Catechesis is therefore, by definition, an essentially conservative endeavor. Its aim is not so much to stretch minds to new places as it is to teach the basics, to impart principles that help hold minds together. Catechesis tries to build a foundation inside of person, not stretch that foundation.
Theology, on the other hand, does not simply try to echo the faith, it seeks to understand it and articulate it in a language that makes it palatable to a questioning and critical mind. For more than 900 years, for the most part, Christianity has accepted St. Anselm’s definition of theology as “faith seeking understanding”. If Anselm is right, then the task of theology is to critically examine the Christian faith, both in terms of what faith itself is and in terms of what is contained in our Christian dogmas, so as to produce a vision of both faith and dogma that can handle all the questions that can be thrown at them both from inside the church and from outside skeptics.
Hence, the audience for theology differs from the audience for catechesis. Theology has three, ideal, audiences: church-goers who are already catechized and are seeking a deeper intellectual grasp of their faith, the academy of learning (universities, colleges, the arts, intellectual centers) where faith and dogma are often questioned, and the culture and world as a whole where Christianity has to justify itself and justify itself intellectually.
Theology therefore is an essentially liberal endeavor. Why? We say theology is liberal for the same reason that we never speak of a “Conservative Arts College”. That would be an oxymoron. Institutions of higher learning, universities, schools of art, and the like are, as Cardinal Newman classically articulated in his book on education, The Idea of a University, by definition, liberal, namely, they are intended to stretch people, to make them deal with difficult and critical questions, to bring them to a level of maturity within their discipline (faith and dogma, in this case) so as to leave them unafraid to face whatever issues arise, and to help them to be leaders in their field. Catechesis seeks to produce an orthodox disciple; theology seeks to produce an informed leader.
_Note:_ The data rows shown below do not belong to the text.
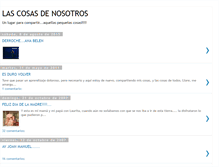 Tablet Screenshot of lascosasdenosotros-maisa.blogspot.com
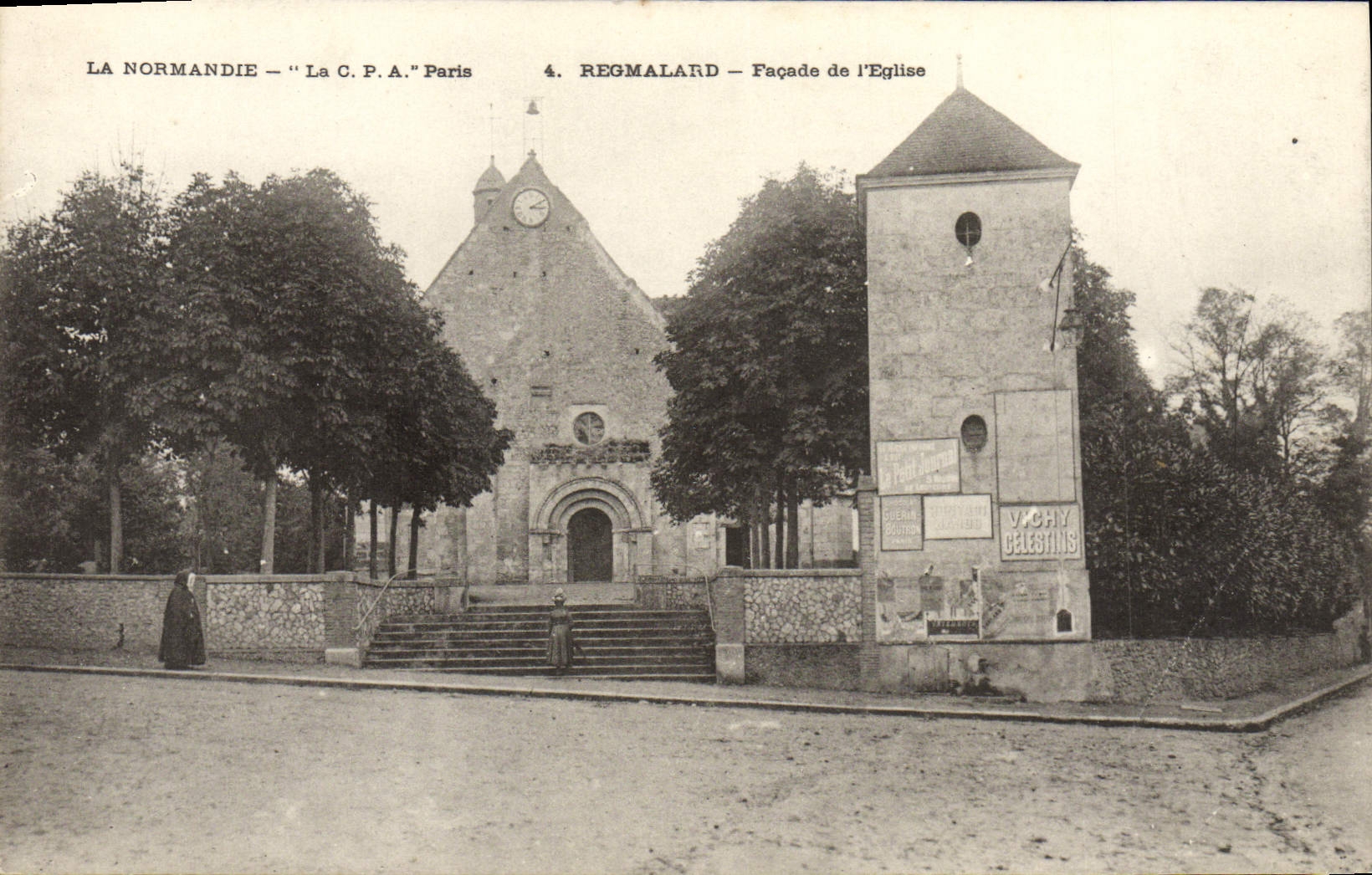 CPA La Normandie La Regmalard Facade De I'Eglise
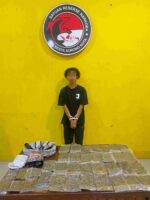 Satreskoba Polresta Sorong Kota Ungkap Peredaran Ganja Asal Jayapura, Pelaku Ditangkap Saat Turun Dari KM Gunung Dempo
The church needs both. It needs to emphasize both catechesis and theology, focusing both on those who need to learn the essentials of their faith and on those who are trying to make intellectual sense of their faith. There is, admittedly, an innate tension between the two. The pew invariably feels that theologians are too liberal; while theologians tend to look wearily at the pew, concerned that the hard questions are not being addressed. However it should never be a question of either/or; but always both/and. The church needs people who are solidly catechized, who know clearly the essentials of their faith, even as it needs people who have tried to articulate that faith at a more critical level and have stared without fear or denial into the fierce storm of intellectual objections to, ecclesial angers at, and every kind of protest against the faith.
Orthodoxy is important, but it’s meant to be as much a trampoline from which to spring as it’s meant to be a container that holds you. For example, the word “seminary” comes from the Latin, seminarium, meaning a “greenhouse”. A greenhouse isn’t a place to grow an oak tree. It’s a place to put young, tender, seedling plants that need protection from the harsher outdoor climate. It’s a place to protect a young plant or to grow a very tender plant, but it isn’t a place to grow huge tree.
The relationship between catechesis and theology might be characterized in the same way. Catechesis is the seminary, a necessary place to start and protect young and overly-tender plants, whereas theology is a less-protected place where you ultimately grow the oak tree.